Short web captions
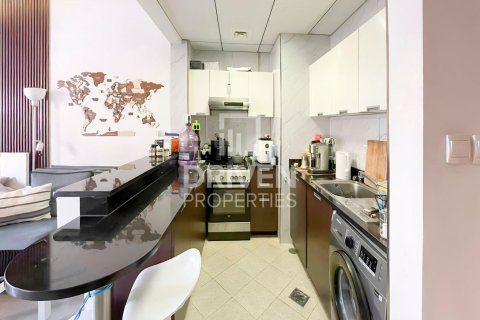 Appartement de Studio à Dubai Sports City, UAE No. 200465 6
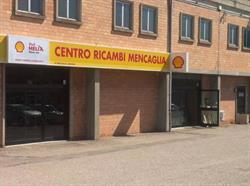 Centro Ricambi Mencaglia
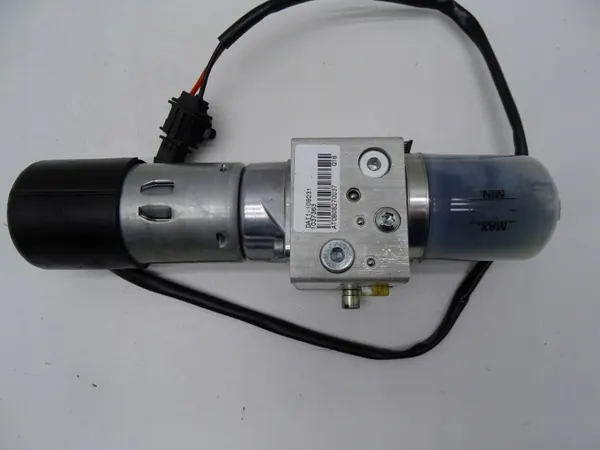 Bomba de teto OEM DAI1-109231 para Audi TT 8J Cabrio image 5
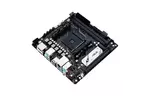 ASUS Материнская плата PRIME A320I-K/CSM sAM4 A320 2xDDR4 mITX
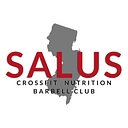 CrossFit Salus logo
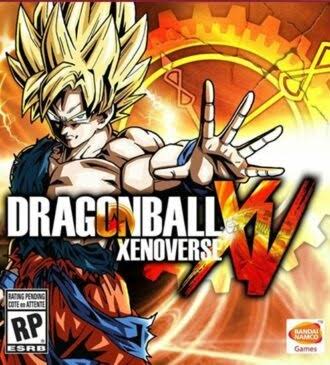 Trucos Dragon Ball Xenoverse para Playstation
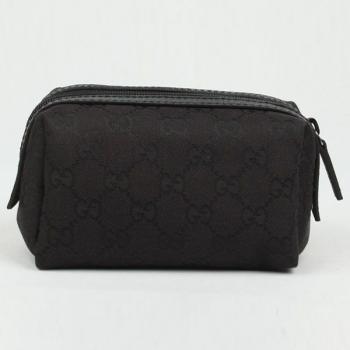 Gucci Wallet 29596 Canvas Evening Bag Ladies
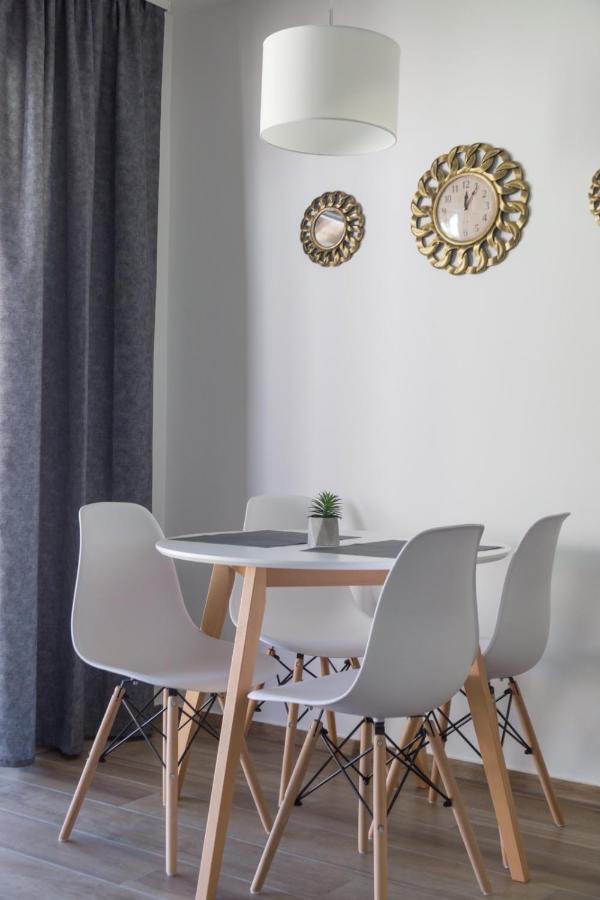 Aqualux Apartments 브르드니크 외부 사진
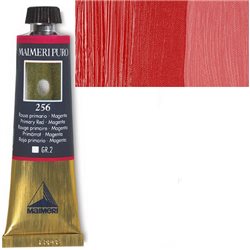 Кадмий красный темный/краска худ. масляная Maimeri Puro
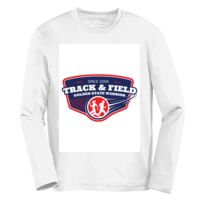ACTIVE-WEAR LONG SLEEVE YOUTH  Thumbnail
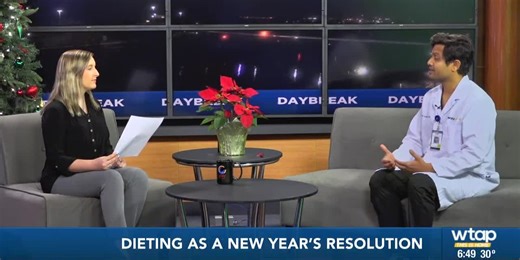 Successful and Safe Dieting Tips for 2025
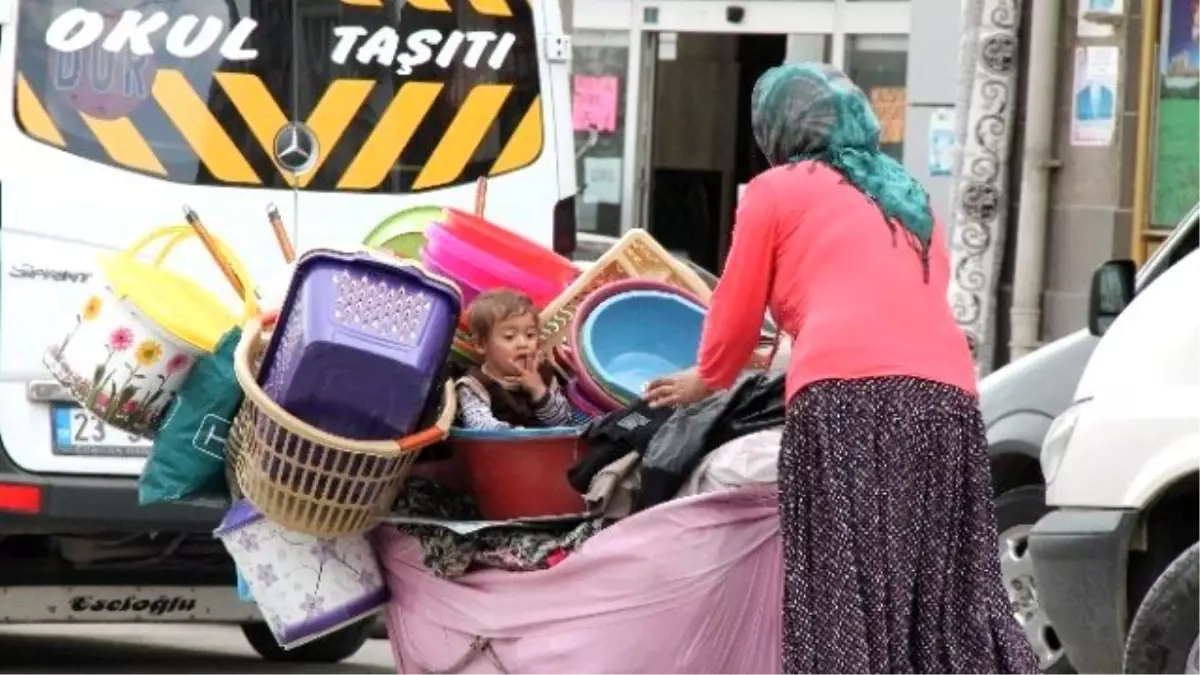 Leğende Hayata Yolculuk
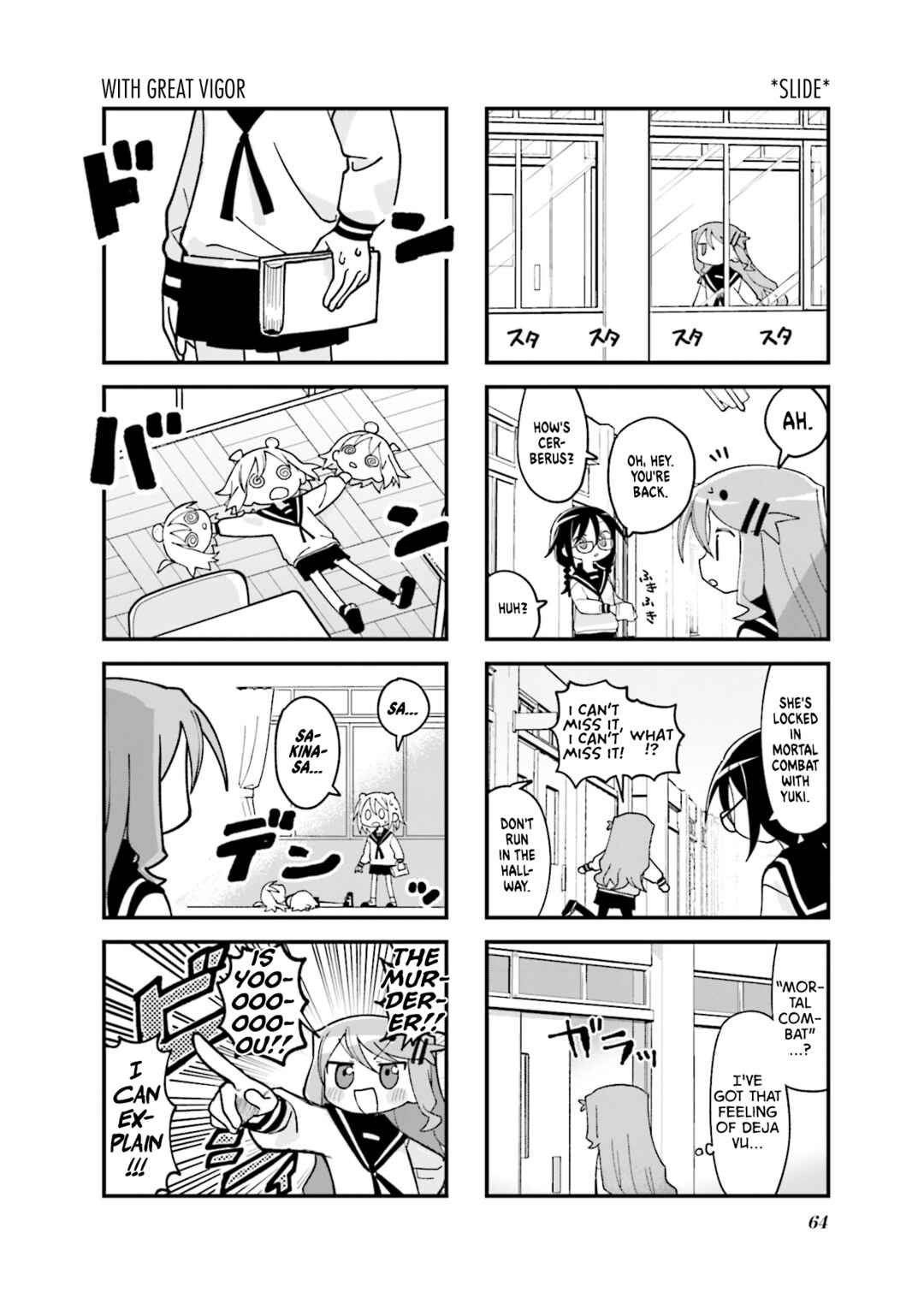 Chapter 32 - Page 8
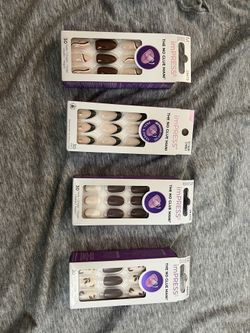 Impress Nails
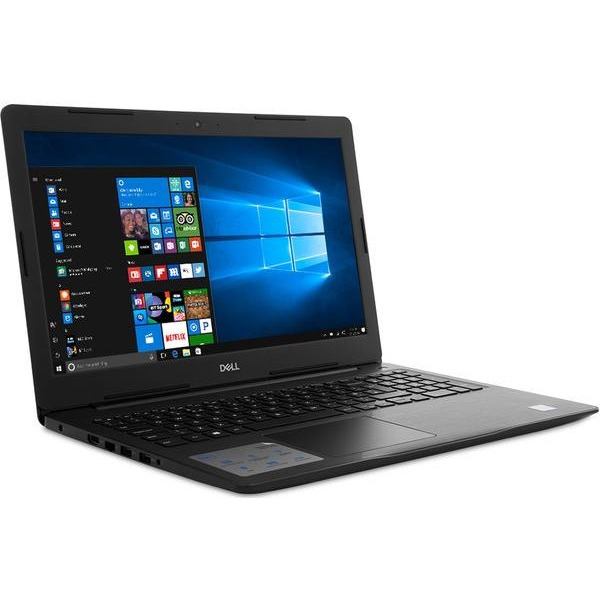 Ноутбук Dell Inspiron 15 5570-0540 Black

Task instructions - Set down the entries exactly as they appear, with every picture left out.

Answer to the exercise -
 Appartement de Studio à Dubai Sports City, UAE No. 200465 6
 Centro Ricambi Mencaglia
 Bomba de teto OEM DAI1-109231 para Audi TT 8J Cabrio image 5
 ASUS Материнская плата PRIME A320I-K/CSM sAM4 A320 2xDDR4 mITX
 CrossFit Salus logo
 Trucos Dragon Ball Xenoverse para Playstation
 Gucci Wallet 29596 Canvas Evening Bag Ladies
 Aqualux Apartments 브르드니크 외부 사진
 Кадмий красный темный/краска худ. масляная Maimeri Puro
ACTIVE-WEAR LONG SLEEVE YOUTH  Thumbnail
 Successful and Safe Dieting Tips for 2025
 Leğende Hayata Yolculuk
 Chapter 32 - Page 8
 Impress Nails
 Ноутбук Dell Inspiron 15 5570-0540 Black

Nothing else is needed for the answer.